I had the craziest high school physics teacher EVER! His room was littered with teetery wooden shelves from from strapping, each one packed to the brim with old electronics, like TVs, large banks of 8" tall capacitors, broken oscilloscopes, compouters, random wires everywhere. In a demonstration of force and pressure, he would hit a TV with the large end of a hammer, and we’d see that it dented and cracked the glass, then he hit it with the claw end and we watched as it broke through the glass and heard the large “POP” from the vacuum in the tube. He would place two large drywall screws into a pickle, take the stripped end of an old lamp plug and wrap the wires around the screws. He then plugged it into the wall and the pickle lit up. No fuses, no insulation around the screws. Oh, and the pickle was on the table about a foot from us.

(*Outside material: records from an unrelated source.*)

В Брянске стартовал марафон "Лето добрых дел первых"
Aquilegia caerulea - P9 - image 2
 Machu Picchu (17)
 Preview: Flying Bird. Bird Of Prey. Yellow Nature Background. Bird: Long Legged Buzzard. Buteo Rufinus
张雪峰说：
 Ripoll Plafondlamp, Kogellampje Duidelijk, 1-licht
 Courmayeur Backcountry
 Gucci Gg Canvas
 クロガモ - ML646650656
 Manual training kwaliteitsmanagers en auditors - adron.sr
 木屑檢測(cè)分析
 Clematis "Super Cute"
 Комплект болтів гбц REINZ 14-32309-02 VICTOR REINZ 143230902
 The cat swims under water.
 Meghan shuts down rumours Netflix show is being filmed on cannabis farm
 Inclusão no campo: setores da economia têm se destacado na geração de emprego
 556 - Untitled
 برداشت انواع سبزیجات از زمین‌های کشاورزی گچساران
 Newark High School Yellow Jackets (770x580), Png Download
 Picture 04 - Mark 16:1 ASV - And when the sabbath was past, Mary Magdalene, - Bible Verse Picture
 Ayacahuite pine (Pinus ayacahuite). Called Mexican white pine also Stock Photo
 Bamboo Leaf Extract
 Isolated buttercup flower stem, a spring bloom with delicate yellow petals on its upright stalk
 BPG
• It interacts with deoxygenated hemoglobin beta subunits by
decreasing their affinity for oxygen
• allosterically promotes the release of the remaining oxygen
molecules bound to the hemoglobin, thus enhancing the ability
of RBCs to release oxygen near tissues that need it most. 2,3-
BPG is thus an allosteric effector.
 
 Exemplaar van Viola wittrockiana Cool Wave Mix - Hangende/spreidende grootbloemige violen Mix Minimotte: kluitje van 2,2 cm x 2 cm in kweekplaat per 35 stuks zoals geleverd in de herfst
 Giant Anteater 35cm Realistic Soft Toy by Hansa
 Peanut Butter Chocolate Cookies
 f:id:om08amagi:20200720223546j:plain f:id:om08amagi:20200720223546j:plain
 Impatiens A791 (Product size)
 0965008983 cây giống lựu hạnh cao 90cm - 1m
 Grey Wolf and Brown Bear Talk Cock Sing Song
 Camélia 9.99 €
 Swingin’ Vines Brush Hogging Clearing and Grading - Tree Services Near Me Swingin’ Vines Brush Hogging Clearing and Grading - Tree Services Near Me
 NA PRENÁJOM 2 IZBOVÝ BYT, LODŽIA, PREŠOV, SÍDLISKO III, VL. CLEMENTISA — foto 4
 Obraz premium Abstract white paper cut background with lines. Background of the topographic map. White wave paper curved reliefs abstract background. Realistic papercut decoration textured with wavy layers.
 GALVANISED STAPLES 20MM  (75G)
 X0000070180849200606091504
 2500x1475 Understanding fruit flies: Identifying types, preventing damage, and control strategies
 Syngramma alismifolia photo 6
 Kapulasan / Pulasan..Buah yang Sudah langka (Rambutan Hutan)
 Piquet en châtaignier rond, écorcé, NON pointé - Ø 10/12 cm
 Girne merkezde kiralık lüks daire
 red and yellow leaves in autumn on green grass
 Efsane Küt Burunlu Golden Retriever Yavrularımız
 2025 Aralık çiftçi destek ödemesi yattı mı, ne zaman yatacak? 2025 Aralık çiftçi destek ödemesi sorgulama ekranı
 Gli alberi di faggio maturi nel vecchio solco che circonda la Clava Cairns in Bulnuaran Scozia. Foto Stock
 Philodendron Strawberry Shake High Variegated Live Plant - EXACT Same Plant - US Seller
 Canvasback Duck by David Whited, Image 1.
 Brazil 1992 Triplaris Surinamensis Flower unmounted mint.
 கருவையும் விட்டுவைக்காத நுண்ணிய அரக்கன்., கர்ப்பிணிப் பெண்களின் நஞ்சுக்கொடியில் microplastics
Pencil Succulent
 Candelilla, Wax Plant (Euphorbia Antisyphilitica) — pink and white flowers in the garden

The highlight of the year was always the “physics war.” We got into teams of 2-4, each team built a cannon out of wood and a length of PVC pipe, and cut slits in the side of the pipe and made a plunger type of thing in the pipe so it could hold and shoot out a tennis ball. The plunger was attached to lengths of surgical tubing. We all test fired our guns on the track to see who could launch the tennis balls the furthest (prior to this, we all did “calibration” of our guns by launching them at intervals of 5 degrees and marking the distance. IT was all part of learning about trajectory and all that jazz.) Whoever got the furthest got first pick of what country the wanted to be for the “war” the next day. Each country got a certain prize with it. America, being so rich and having a powerful military, got a few pizzas for the team and lots of tennis balls. Columbia got lots of “coke” (heh), France got a shit ton of tennis balls, since they have lots of Nukes, etc…The teams that sucked got the countries without a lot of money and supplies. Then, the next day, we all went to the soccer field, and SHOT TENNIS BALLS AT EACH OTHER. These things must have been going over 100 MPH, easily. We all took balls to the chest, arms, face, etc…The only safety requirements were a helmet and safety goggles. We even used “chemical weapons” by dropping some balls into paint. We had coffee cans labels with what supplies we had, and if you hit someone’s cans, you got their supplies when the war was over (lunchtime, so as best to maximize the pizza.)
I went to high school during the height of the high school shootings (Columbine was at the end of my junior yeah, the “war” was in the fall.) We still shot tennis balls at each other, though I hear they did eventually switch to not aiming at people, and only the cans, then they went to shooting jello instead of tennis balls (didn’t work, the jello just broke up in the air,) and I think it’s gone now.